# WORK REQUIRED:
Out of the material that follows, write out exactly the lines from the line with "Borderless violet checked" to the line with "5 in 1 Toothbrush", both ends included, and no others.

# RECORDS TO PROCESS:
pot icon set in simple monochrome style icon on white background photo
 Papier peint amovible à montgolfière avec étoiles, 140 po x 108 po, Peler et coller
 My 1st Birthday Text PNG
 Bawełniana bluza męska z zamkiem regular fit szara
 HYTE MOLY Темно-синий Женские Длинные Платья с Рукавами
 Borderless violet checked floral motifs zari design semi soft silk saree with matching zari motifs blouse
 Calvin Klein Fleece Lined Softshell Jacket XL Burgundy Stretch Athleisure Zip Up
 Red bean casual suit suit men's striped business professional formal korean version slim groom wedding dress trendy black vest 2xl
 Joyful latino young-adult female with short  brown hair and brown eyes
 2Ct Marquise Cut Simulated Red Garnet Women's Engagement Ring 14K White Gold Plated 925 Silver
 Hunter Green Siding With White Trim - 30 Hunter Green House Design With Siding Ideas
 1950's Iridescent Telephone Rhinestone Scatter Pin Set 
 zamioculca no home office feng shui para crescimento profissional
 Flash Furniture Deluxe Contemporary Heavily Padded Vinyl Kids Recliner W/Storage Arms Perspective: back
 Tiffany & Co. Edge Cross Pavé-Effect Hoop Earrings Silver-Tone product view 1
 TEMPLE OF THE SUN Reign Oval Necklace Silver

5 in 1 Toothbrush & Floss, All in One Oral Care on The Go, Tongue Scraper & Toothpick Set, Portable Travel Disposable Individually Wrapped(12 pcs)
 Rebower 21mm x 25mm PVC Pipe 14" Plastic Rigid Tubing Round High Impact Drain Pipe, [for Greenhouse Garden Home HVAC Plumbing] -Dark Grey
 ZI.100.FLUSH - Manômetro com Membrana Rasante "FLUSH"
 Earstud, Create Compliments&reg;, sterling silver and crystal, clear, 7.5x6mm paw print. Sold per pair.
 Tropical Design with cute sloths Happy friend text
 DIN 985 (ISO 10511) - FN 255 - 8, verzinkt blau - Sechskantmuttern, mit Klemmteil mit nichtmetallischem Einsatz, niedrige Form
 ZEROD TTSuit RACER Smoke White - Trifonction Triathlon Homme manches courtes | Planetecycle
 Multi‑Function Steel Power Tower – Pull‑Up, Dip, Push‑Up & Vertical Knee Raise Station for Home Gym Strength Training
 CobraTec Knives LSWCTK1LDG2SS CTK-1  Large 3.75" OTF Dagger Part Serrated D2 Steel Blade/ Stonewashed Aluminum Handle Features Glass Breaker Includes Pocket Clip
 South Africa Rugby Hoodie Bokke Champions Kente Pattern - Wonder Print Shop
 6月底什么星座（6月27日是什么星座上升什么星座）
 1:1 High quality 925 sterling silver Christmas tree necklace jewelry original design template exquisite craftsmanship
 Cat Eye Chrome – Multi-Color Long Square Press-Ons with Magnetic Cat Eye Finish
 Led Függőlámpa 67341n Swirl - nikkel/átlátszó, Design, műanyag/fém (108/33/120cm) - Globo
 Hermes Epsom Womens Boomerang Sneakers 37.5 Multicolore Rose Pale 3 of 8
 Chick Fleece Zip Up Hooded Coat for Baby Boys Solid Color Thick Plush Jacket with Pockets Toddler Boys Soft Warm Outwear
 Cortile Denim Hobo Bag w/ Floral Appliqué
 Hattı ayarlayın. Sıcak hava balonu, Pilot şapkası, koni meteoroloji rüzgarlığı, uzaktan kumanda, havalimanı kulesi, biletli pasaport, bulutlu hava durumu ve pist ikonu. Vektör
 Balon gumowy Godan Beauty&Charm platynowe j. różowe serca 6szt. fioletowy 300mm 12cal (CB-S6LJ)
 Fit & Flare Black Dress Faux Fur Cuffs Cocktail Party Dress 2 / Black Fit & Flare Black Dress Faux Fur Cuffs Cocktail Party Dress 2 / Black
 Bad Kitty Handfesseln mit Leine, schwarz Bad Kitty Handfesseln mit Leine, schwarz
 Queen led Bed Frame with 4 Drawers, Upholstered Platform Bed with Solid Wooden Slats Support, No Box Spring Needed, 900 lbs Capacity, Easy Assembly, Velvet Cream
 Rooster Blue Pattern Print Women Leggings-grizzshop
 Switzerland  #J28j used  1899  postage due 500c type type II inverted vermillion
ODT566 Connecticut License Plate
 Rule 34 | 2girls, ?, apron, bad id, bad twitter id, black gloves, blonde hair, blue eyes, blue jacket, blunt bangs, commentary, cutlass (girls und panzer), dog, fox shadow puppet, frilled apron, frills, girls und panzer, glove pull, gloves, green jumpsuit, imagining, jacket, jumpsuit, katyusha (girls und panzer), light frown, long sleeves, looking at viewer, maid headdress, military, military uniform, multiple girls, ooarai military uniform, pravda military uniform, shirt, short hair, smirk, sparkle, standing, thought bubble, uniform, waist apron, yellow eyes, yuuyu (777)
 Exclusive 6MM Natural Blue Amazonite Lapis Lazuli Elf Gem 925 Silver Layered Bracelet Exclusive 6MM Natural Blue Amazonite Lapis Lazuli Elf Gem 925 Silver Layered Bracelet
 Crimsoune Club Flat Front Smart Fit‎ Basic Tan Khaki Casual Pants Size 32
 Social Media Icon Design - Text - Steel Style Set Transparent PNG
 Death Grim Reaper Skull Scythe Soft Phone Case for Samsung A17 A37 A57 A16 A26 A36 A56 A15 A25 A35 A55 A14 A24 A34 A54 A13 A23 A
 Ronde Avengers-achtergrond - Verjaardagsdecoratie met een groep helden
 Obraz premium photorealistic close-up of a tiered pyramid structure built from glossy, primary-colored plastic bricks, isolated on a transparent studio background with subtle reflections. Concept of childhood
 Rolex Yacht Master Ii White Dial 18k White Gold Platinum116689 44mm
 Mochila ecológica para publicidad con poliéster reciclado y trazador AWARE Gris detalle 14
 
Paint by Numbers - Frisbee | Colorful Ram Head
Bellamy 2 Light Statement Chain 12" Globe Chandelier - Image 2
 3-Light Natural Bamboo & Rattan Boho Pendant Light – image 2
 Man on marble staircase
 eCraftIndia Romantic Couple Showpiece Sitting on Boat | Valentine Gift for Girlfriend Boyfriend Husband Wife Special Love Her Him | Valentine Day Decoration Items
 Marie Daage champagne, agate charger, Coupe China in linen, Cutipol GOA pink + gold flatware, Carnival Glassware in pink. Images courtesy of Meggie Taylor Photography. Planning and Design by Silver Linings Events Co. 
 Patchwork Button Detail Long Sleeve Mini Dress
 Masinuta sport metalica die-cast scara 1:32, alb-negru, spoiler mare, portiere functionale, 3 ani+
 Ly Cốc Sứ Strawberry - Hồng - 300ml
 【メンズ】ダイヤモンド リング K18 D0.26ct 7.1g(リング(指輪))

# ANSWER:
 Borderless violet checked floral motifs zari design semi soft silk saree with matching zari motifs blouse
 Calvin Klein Fleece Lined Softshell Jacket XL Burgundy Stretch Athleisure Zip Up
 Red bean casual suit suit men's striped business professional formal korean version slim groom wedding dress trendy black vest 2xl
 Joyful latino young-adult female with short  brown hair and brown eyes
 2Ct Marquise Cut Simulated Red Garnet Women's Engagement Ring 14K White Gold Plated 925 Silver
 Hunter Green Siding With White Trim - 30 Hunter Green House Design With Siding Ideas
 1950's Iridescent Telephone Rhinestone Scatter Pin Set 
 zamioculca no home office feng shui para crescimento profissional
 Flash Furniture Deluxe Contemporary Heavily Padded Vinyl Kids Recliner W/Storage Arms Perspective: back
 Tiffany & Co. Edge Cross Pavé-Effect Hoop Earrings Silver-Tone product view 1
 TEMPLE OF THE SUN Reign Oval Necklace Silver

5 in 1 Toothbrush & Floss, All in One Oral Care on The Go, Tongue Scraper & Toothpick Set, Portable Travel Disposable Individually Wrapped(12 pcs)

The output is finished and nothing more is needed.